**Problem requirements**
Given the listing below, write out exactly the lines starting with the line that has "Family Apartment, 2" and going on through the line that has "GS0076 Gumka frotka", both kept.

**Data excerpts**

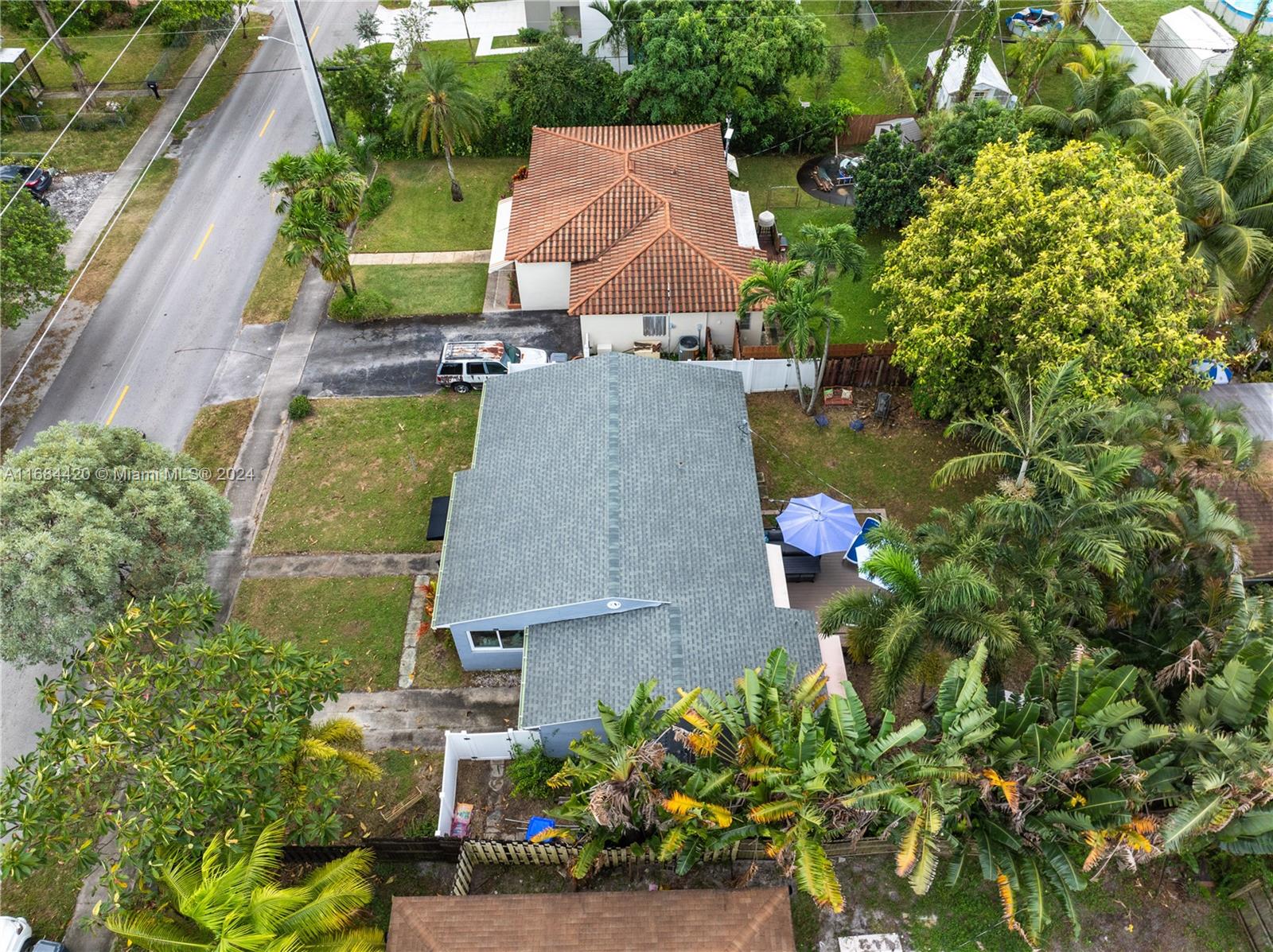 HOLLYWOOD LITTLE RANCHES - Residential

--

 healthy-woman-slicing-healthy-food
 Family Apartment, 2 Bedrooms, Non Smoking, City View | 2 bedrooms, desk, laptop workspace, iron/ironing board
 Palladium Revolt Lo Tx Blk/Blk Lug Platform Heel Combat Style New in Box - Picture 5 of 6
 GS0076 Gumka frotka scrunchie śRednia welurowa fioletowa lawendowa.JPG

**Response to this task**
 Family Apartment, 2 Bedrooms, Non Smoking, City View | 2 bedrooms, desk, laptop workspace, iron/ironing board
 Palladium Revolt Lo Tx Blk/Blk Lug Platform Heel Combat Style New in Box - Picture 5 of 6
 GS0076 Gumka frotka scrunchie śRednia welurowa fioletowa lawendowa.JPG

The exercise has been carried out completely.